How to Use Dynamic Time Warping (DTW)
This guide shows how to use Dynamic Time Warping (DTW) with KDB.AI, via q, REST, and Python, to match patterns, measure similarity, and detect anomalies in time-series data.
Prerequisites
Before using DTW in KDB.AI:
-
Make sure your data is time-series vectors (for example, sensor readings, prices).
-
Include a timestamp or meaningful index to define sequence (recommended but not required).
-
Know how to use the KDB.AI Query API (Python, REST, or q).
-
Define patterns at query time, either manually or by sampling from prior data.
DTW is a flexible algorithm for comparing time-series sequences that may vary in timing or speed.
This guide walks through how to run DTW-based searches in KDB.AI, from defining your query pattern to comparing results across q, REST, and Python. It's suitable for use cases like shape-based pattern matching, temporal similarity, or anomaly detection in time-series data.
Overview of Steps
-
Prepare time-series vectors
-
Define a query pattern
-
Run a DTW similarity search
-
Visualize and compare matches
-
Compare DTW vs. TSS APIs
1. Prepare time-series vectors
Your dataset should include clean, regular time-series vectors for the feature(s) you wish to match - such as price, temperature, heart rate, or load. So that includes pre-processing (for example, handle missing values: interpolation, or deletion) and normalization, if necessary.
Python
# To extract time-series from data frame
data = df['price'].to_numpy(dtype='float64')
q
// To extract time-series from table
data:t[`price];
2. Define a query pattern
Create a query pattern representing the shape or behavior you're looking for. It can be a handcrafted sequence or sampled from historical data. In this example we used sampled historical data.
Python
# To extract length-128 queries from 3 different positions
extractedPositions = [2400, 6600, 9800]
size = 128
queryVectors = [data[posi:posi+size] for posi in extractedPositions]
q
extractedPositions:2400 6600 9800;
size:128;
extractedPositions +\: til size;
queryVectors:data extractedPositions +\: til size;
2b. (Optional) Warp/deform the query
Warp the query to illustrate the power of DTW that deformed queries can still capture the original patterns. Now we apply rescaleFactors:(40#0.7),(60#1.4),(27#0.7)

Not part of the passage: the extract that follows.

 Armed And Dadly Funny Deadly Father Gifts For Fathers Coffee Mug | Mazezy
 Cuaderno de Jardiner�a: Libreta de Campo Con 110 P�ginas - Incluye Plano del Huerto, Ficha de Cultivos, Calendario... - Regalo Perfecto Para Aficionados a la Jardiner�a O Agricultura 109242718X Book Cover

which means the first 40 spaces will be rescaled with ratio 0.7
, and so on for the next 60
spaces and next 27
spaces with rescale-ratio 1.4
and 0.7
(for example total 40+60+27+1 = 128 data).
Python
import numpy as np
import math
def deform_vector(v_ori, rescale_factors):
v_ori = np.asarray(v_ori, dtype=float)
rescale_factors = np.asarray(rescale_factors, dtype=float)
if len(v_ori) != len(rescale_factors) + 1:
raise ValueError("length of vOri should be 1 + length of rescaleFactors")
def _reposition_two_values(v1, v2, p1, p2):
ceil1, ceil2 = math.ceil(p1), math.ceil(p2)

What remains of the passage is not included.